Unfortunately it is not written in C. Otherwise it could a clear winner with couple of minor modifications.
You don't know what you don't know.
This is way cool, yes. But I miss the obfuscated C contest which was also way cool eg in terms of discovering legal features of the language that probably should never get used LOL. What happened to it?
Doesn't the example on the contest page qualify as Useless Use of Cat?
i.e., shouldn't this line: ./lug UA129086 - - -
cat luggage.dat |
be this: ./lug UA129086 - - - http://en.wikipedia.org/wiki/Cat_(Unix)#Useless_use_of_cat
You all remember London Heathrow Terminal 5 don't you?!
if (strcmp(entry->description, "lose luggage") == 0) { loseLuggage(entry); } (It's been awhile since I've done anything vaguely C.)
On vit, on code et puis on meurt.
If the code has a comment field for special handling, you wouldn't need much to do this. The biggest problem would be to make it so that somebody can't correlate bad handling to the comment. You might want to have a 'bad handling' string that varies from hour to hour, one that is displayed as part of a 'quote of the moment'.

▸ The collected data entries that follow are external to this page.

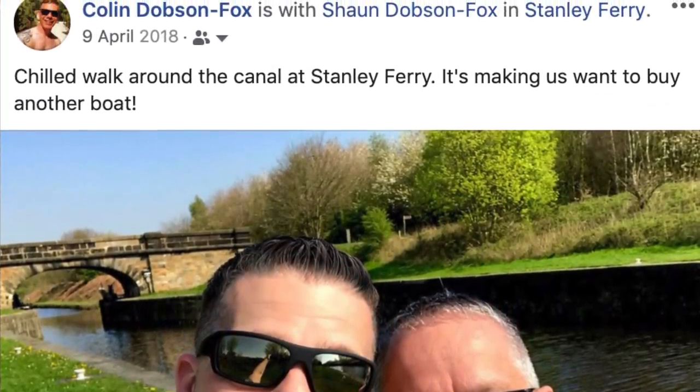It doesn't seem two minutes - actually this time last year we posted a tweet. We were walking around Stanley Ferry, took a selfie in the sun, and said it was making Sean want to buy another boat. It's been a long year, but not bad. The guys that have done this have been absolutely amazing, nothing's gone wrong - touch wood. Anything that's happened you just sort it. I think I've actually handled it better than we were expecting.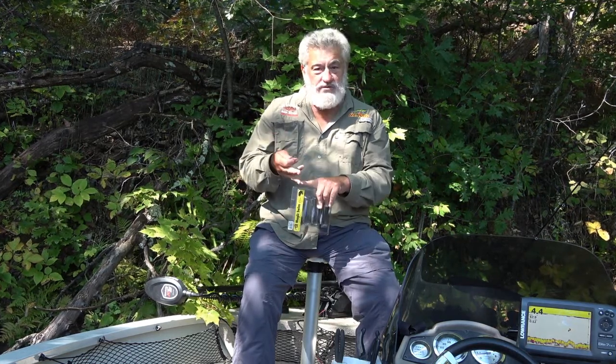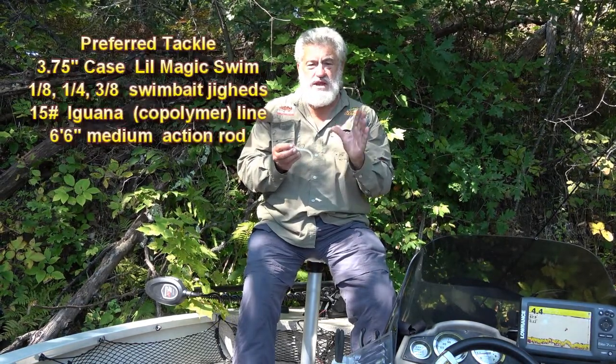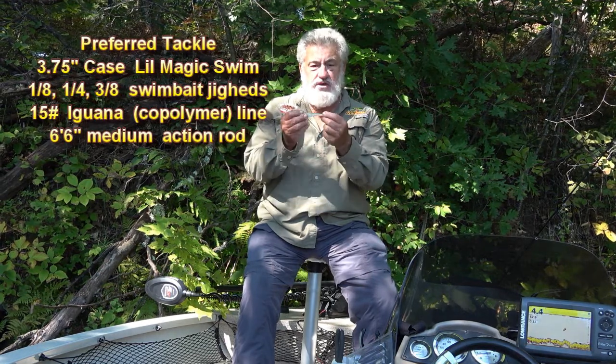When it changes direction, make sure your line is tight and set the hook — not like you're trying to uproot a tree, but a good powerful firm set. Then steady retrieve it back. These are deadly baits in the fall, from early fall all the way to ice-up. Swim baits are my favorite and it's hard to beat the Little Magic Swims by Case Plastics. Most of my experience with swim baits comes exclusively from fishing smallmouth bass in rivers, reservoirs, and natural lakes.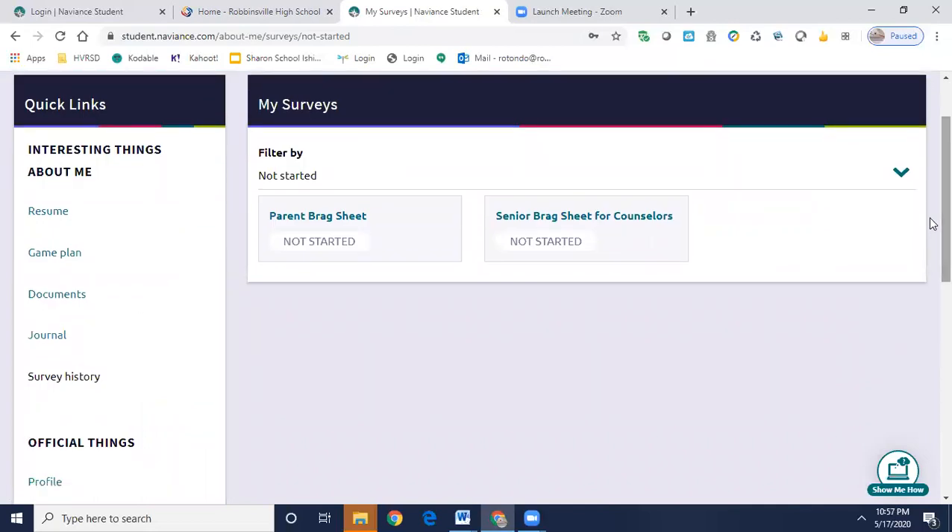One is the parent brag sheet. Parents have an option — they can either complete their brag sheet here in Naviance Student for the school counselor letter of recommendation, or they can go onto the Robbinsville High School website, choose the counseling department, select College Admissions, and then College Forms. In the College Forms section, they'll also see the parent brag sheet. If they wish to just look at the questions and then email the school counselor the answers, they can do it that way. They can also handwrite it and scan it in, or complete it right here as a survey in Naviance — whichever is easiest for them.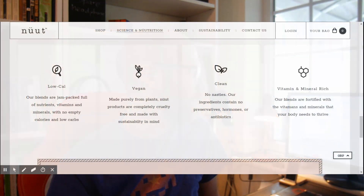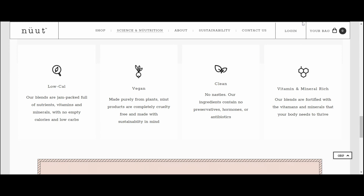The Daily Balance one has 201 calories. The key thing to know about these is they're low-calorie, packed full of nutrients, vitamins and minerals with no empty calories, and low carbs. They're vegan, with no preservatives, hormones or antibiotics. Vitamin and mineral-rich blends are fortified with what your body needs to thrive — very much grab-and-go meals maxing out on nutrients.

Never done this myself, but people have inserted backdoors into Unix V7 kernels they compiled by replacing a "if (userid == 0)" with a "if (userid = 0)" check. I assume they are looking for a more sophisticated version of that trick.
I've abandoned my search for truth; now I'm just looking for some useful delusions.
I am the winner of the previous underhanded C contest. If anyone is interested, I wrote up a description of my entry on my blog here: http://notanumber.net/archives/54/underhanded-c-the-leaky-redaction
It was a fun contest to enter and now I can shop at thinkgeek for silly gadgets without feeling guitly :)
http://notanumber.net/
Well, you must have known supporting religious beliefs will earn you bad karma
Who here has put underhanded code in released products?
I admit to adding and concealing the flight cam easter egg in Star Wars: Knights of the Old Rebublic. It wasn't nearly as clever as the contest entries, and it would be impossible to claim innocence if I was caught, but I enabled the "debug" cam using a generic-sounding external variable, put the code inside an "#ifndef _DEBUG" block, added a comment to describe the code as some boring debug message thing (hardly worth looking at), and had a little loop to decode the "Punch it, Chewie!" message to that the string wouldn't show up in the executable.
Someone who works at any major airline can just submit the real production code they use for luggage routing and win the contest for sure!
College-Pages.com - Online Colleges, Degrees, and Programs
And in other news: we learn that C was actually invented during the Underhanded Programming Language Contest of 1972.
As opposed to the current system that does it at random? If you come up with a system that ONLY does it when malicious text is written in the comment field, the government wants to talk with you. They paid $500 per LINE for a baggage-routing system that never worked. It was finally abandoned after half a billion was sunk into it.